Listed records:
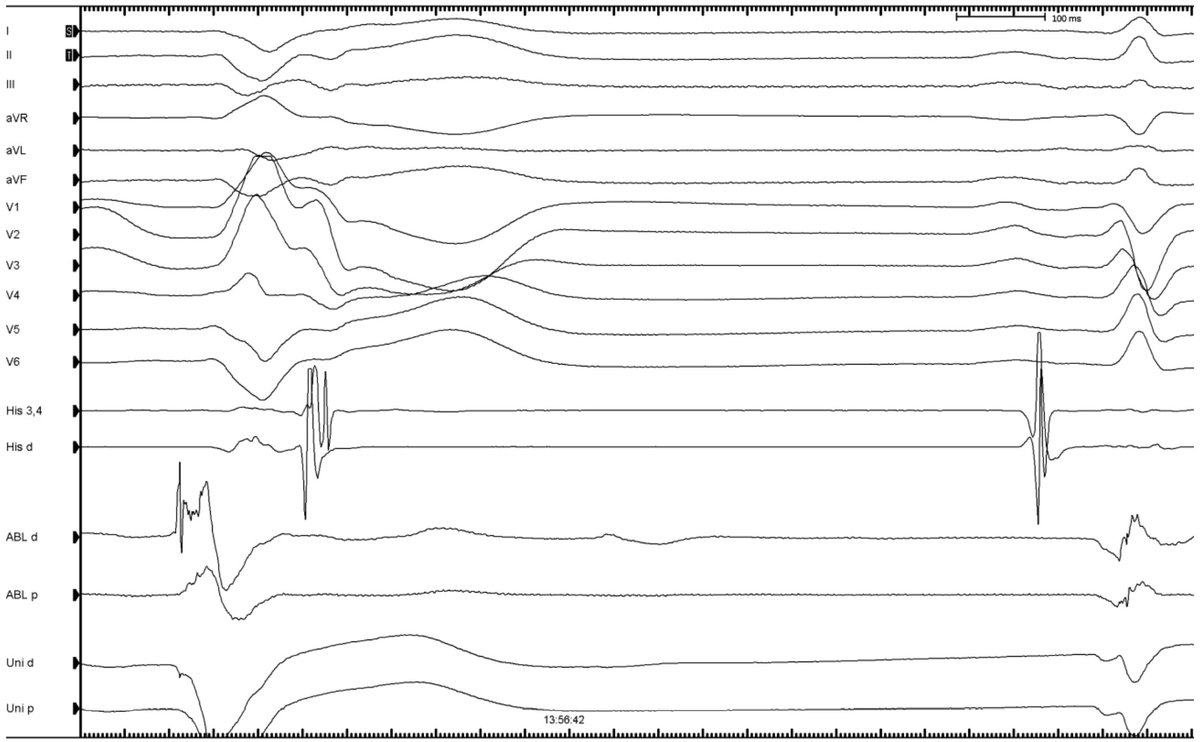 thegellergroup's tweet image. #ICEeyes and #HDmapping for ablation of papillary muscle VAs. Anatomical and electrophysiological information for a successful treatment. 
Case 1 (intial experience with NavX PM-mapping)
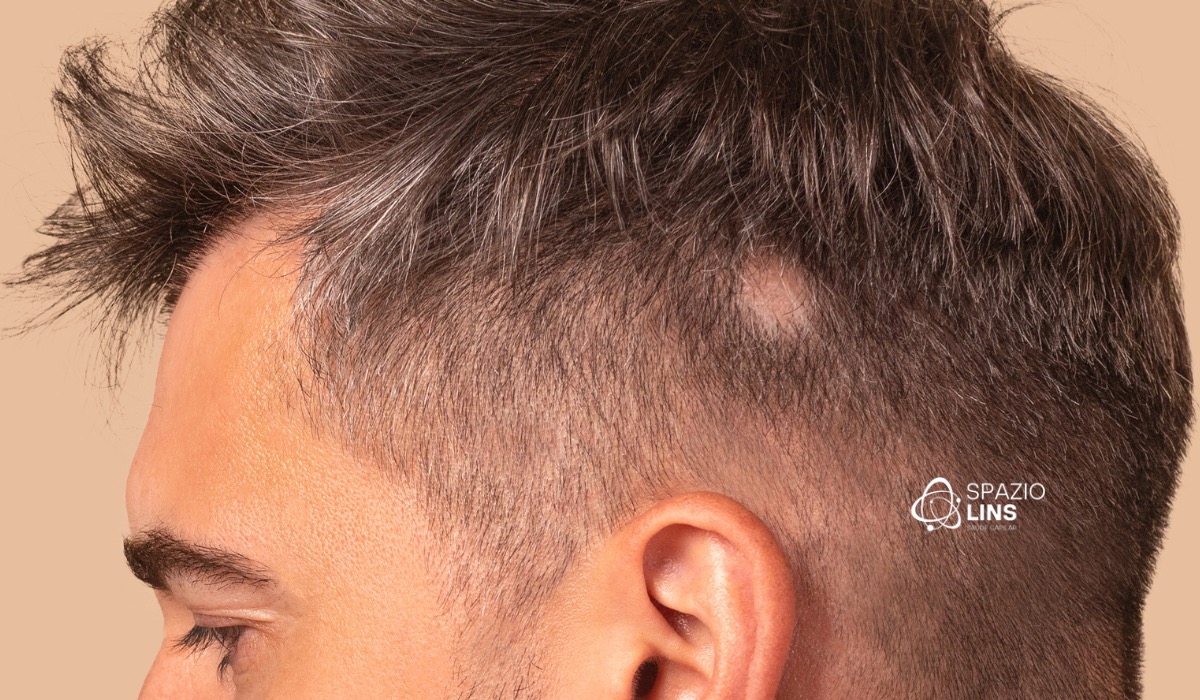 O que é alopecia? Entenda as causas, sintomas e tratamentos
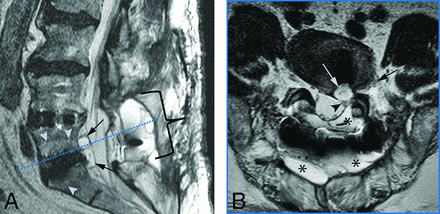 FIG 3.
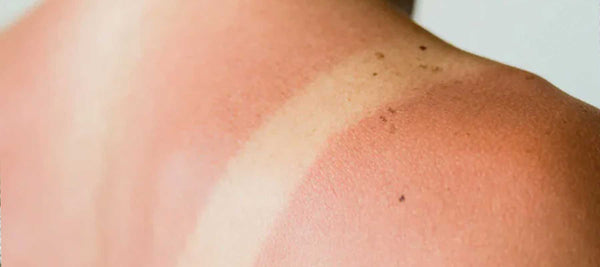 How to use Manuka Honey for burns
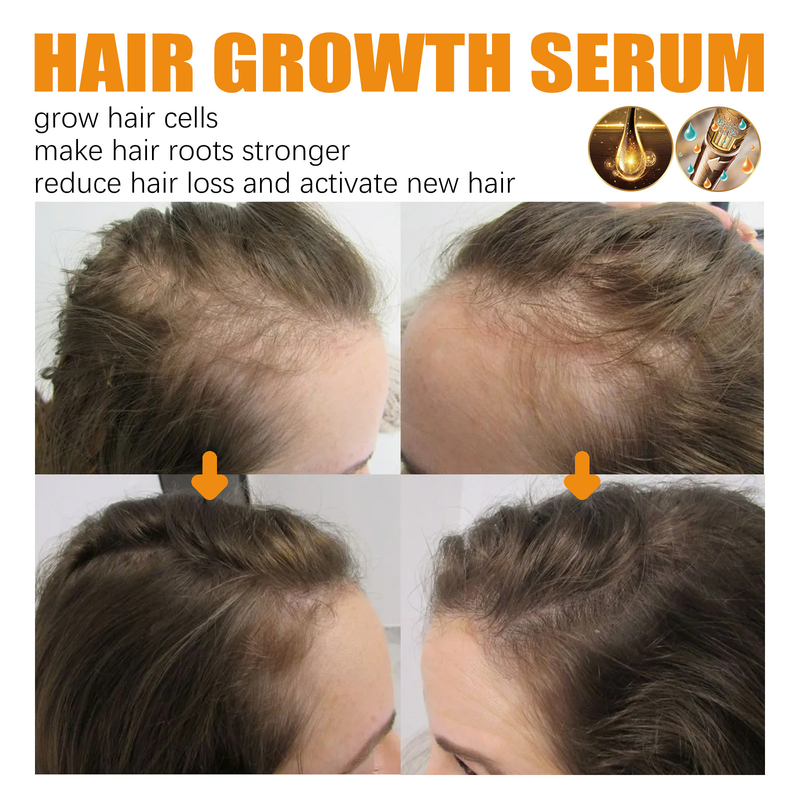 Biotyna wzrostu w sprayu Tough Massage Scalp Gęsty ujędrniający płyn zapobiegający wypadaniu włosów_voghion.com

What you will do: The output should be the material above, copied exactly, without its pictures.

Result below:
 thegellergroup's tweet image. #ICEeyes and #HDmapping for ablation of papillary muscle VAs. Anatomical and electrophysiological information for a successful treatment. 
Case 1 (intial experience with NavX PM-mapping)
 O que é alopecia? Entenda as causas, sintomas e tratamentos
 FIG 3.
 How to use Manuka Honey for burns
 Biotyna wzrostu w sprayu Tough Massage Scalp Gęsty ujędrniający płyn zapobiegający wypadaniu włosów_voghion.com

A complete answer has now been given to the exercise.